AUGUSTINE BY AUGUSTINE v. Delgado

481 A.2d 319, 332 Pa. Super. 194, 1984 Pa. Super. LEXIS 5439
CourtSupreme Court of Pennsylvania
DecidedJuly 13, 1984
Docket114
StatusPublished
Cited by22 cases

This text of 481 A.2d 319 (AUGUSTINE BY AUGUSTINE v. Delgado) is published on Counsel Stack Legal Research, covering Supreme Court of Pennsylvania primary law. Counsel Stack provides free access to over 12 million legal documents including statutes, case law, regulations, and constitutions.

Bluebook
AUGUSTINE BY AUGUSTINE v. Delgado, 481 A.2d 319, 332 Pa. Super. 194, 1984 Pa. Super. LEXIS 5439 (Pa. 1984).

Opinion

HOFFMAN, Judge:

Appellants contend that the lower court erred in (1) permitting the testimony of Dr. Naeye, one of appellees’ expert witnesses; (2) excluding a significant part of the deposition of Dr. Perkins, one of appellants’ experts; and (3) allowing defense counsel to aver an “unfavorable inference” from appellants’ failure to call certain expert witnesses. Upon thorough review of the record and complete exploration of appellants’ claims, we conclude that there was no error and, accordingly, affirm.

The record reveals the following facts: On October 1, 1975, appellant Joanne Augustine gave birth to twin boys at the Sunbury Community Hospital in Sunbury, Pennsylvania. Appellee Dr. Juan Delgado, an obstetrician/gynecologist, cared for Mrs. Augustine during the course of her pregnancy. Following the twins’ birth, Dr. John Pagana, a pediatrician, assumed care of the children. In March, 1977, after the twins were diagnosed as suffering from cerebal palsy and mental retardation, appellants, Mrs. Augustine *197 and her husband, brought suit on their own behalf and on behalf of their sons, alleging that the negligence of Sun-bury Hospital, and Drs. Delgado and Pagana caused the twins’ abnormalities. After lengthy pre-trial discovery and several continuances over a period of approximately two- and-one-half years, the jury trial ultimately commenced on June 15, 1981 and ended a month later. The jury, given a series of special interrogatories by the lower court, concluded that neither Dr.

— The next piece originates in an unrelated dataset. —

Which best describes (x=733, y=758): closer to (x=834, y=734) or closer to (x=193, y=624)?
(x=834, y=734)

Delgado nor the Sunbury Community Hospital had committed negligence that was a substantial factor in the resulting injury. The jury found Dr. Pagana not negligent. Appellants’ post-trial motion, which was denied, and this appeal are limited to Dr. Delgado’s negligence, “the other defendants having bought their peace.” (Lower Court Opinion at 2).

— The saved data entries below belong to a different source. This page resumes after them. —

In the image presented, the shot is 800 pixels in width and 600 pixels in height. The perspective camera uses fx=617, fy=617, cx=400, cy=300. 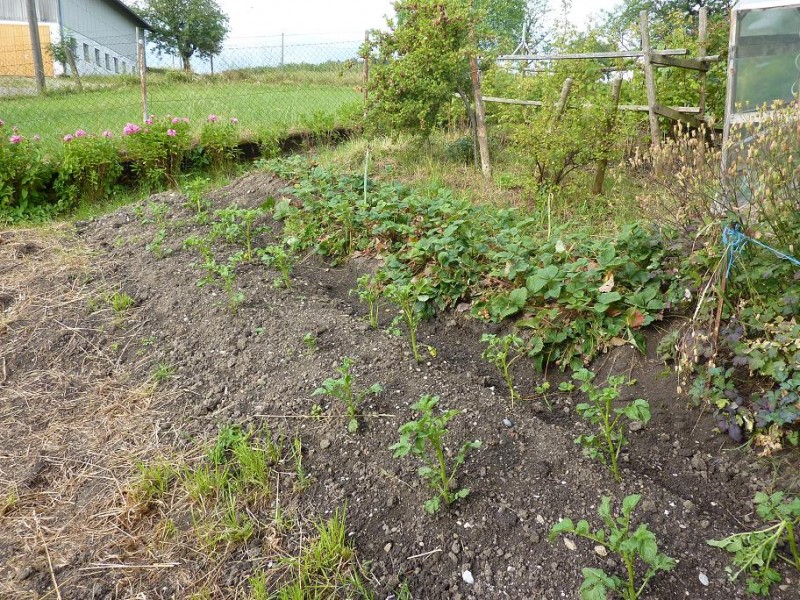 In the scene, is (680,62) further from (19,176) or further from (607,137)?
(19,176)

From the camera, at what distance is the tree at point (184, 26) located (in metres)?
34.3

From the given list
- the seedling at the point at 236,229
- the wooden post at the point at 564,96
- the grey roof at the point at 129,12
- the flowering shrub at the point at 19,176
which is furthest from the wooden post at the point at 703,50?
the grey roof at the point at 129,12

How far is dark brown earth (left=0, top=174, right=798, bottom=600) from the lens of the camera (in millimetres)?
2014

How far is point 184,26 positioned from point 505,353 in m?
37.5

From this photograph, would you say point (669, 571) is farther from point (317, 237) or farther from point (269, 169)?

The crux of appellants’ major contention, that the lower court erroneously permitted the testimony of Dr. John Naeye, concerns our interpretation of Pa.R.Civ.P. 4003.5, Discovery of Expert Testimony. This rule provides for the “[djiscovery of facts known and opinions held by an expert ... acquired or developed in anticipation of litigation or for trial----”, Pa.R.Civ.P. 4003.5(a) and, in pertinent part, states:

(1) A party may through interrogatories require
(a) Any other party to identify each person whom the other party expects to call as an expert witness at trial and to state the subject matter on which the expert is expected to testify and
(b) the other party to have each expert so identified by him state the substance of the facts and opinions to which the expert is expected to testify and a summary of the grounds for each opinion. The party answering the interrogatories may file as his answer a report of the expert or have the interrogatories answered by his expert. The answer or separate report shall be signed by the expert.
(2) Upon cause shown, the court may order further discovery by other means, subject to such restrictions as *198 to scope and such provisions concerning fees and expenses as the court may deem appropriate.
(c) To the extent that the facts known or opinions held by an expert have been developed in discovery proceedings under subdivision (a)(1) or (2) of this rule, his direct testimony at trial may not be inconsistent with or go beyond the fair scope of his testimony in the discovery proceedings as set forth in his deposition, answer to an interrogatory, separate report, or supplement thereto. However, he shall not be prevented from testifying as to facts or opinions or matters on which he has not been interrogated in the discovery proceedings. 1

Appellants, in emphasizing their specific allegations concerning Dr. Naeye’s testimony, cite the Explanatory Note following Rule 4003.5.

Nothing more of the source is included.